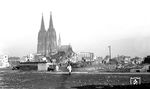 Viel war von der Kölner Innenstadt nach den Bombardements des Zweiten Weltkriegs nicht mehr übrig geblieben. Bereits in der Nacht vom 30. auf den 31. Mai 1942 wurde Köln erstmalig zum Angriffsziel. Dabei setzte die Royal Air Force (RAF) zum ersten Mal über 1000 Bomber gleichzeitig ein. Bis 1945 sollen 1,5 Millionen Bomben auf Köln gefallen sein, was insgesamt etwa 20.000 Opfer forderte.  (02.1953) <i>Foto: Karl Wyrsch, Slg. D. Ammann</i>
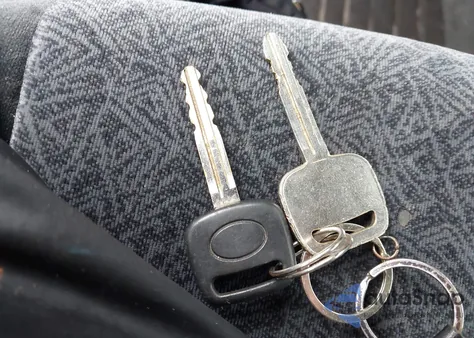 2001 Toyota Camry Solara Se z USA, uszkodzony, nr VIN 2T1CG22PX1C457582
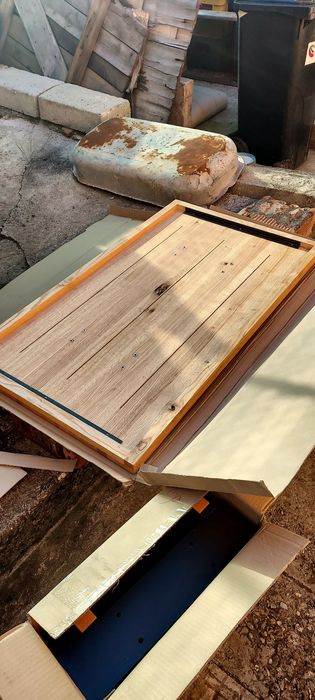 Продавам чисто нова холна маса!!!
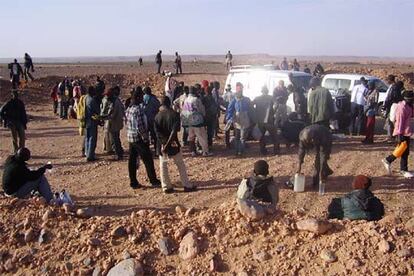 Un grupo de inmigrantes en El Aouina-Souatar, cerca de la frontera con Argelia.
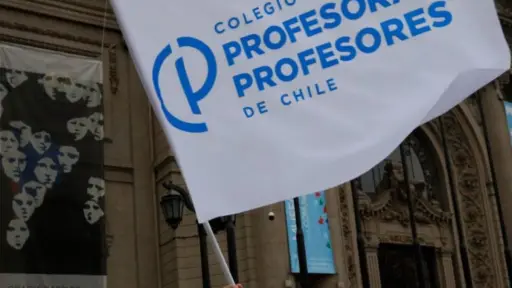 Profesores esperan pago de deuda histórica, Agencia Uno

Work item
Return each line above word for word. Skip the pictures.

Expected answer
 Viel war von der Kölner Innenstadt nach den Bombardements des Zweiten Weltkriegs nicht mehr übrig geblieben. Bereits in der Nacht vom 30. auf den 31. Mai 1942 wurde Köln erstmalig zum Angriffsziel. Dabei setzte die Royal Air Force (RAF) zum ersten Mal über 1000 Bomber gleichzeitig ein. Bis 1945 sollen 1,5 Millionen Bomben auf Köln gefallen sein, was insgesamt etwa 20.000 Opfer forderte.  (02.1953) <i>Foto: Karl Wyrsch, Slg. D. Ammann</i>
 2001 Toyota Camry Solara Se z USA, uszkodzony, nr VIN 2T1CG22PX1C457582
 Продавам чисто нова холна маса!!!
 Un grupo de inmigrantes en El Aouina-Souatar, cerca de la frontera con Argelia.
 Profesores esperan pago de deuda histórica, Agencia Uno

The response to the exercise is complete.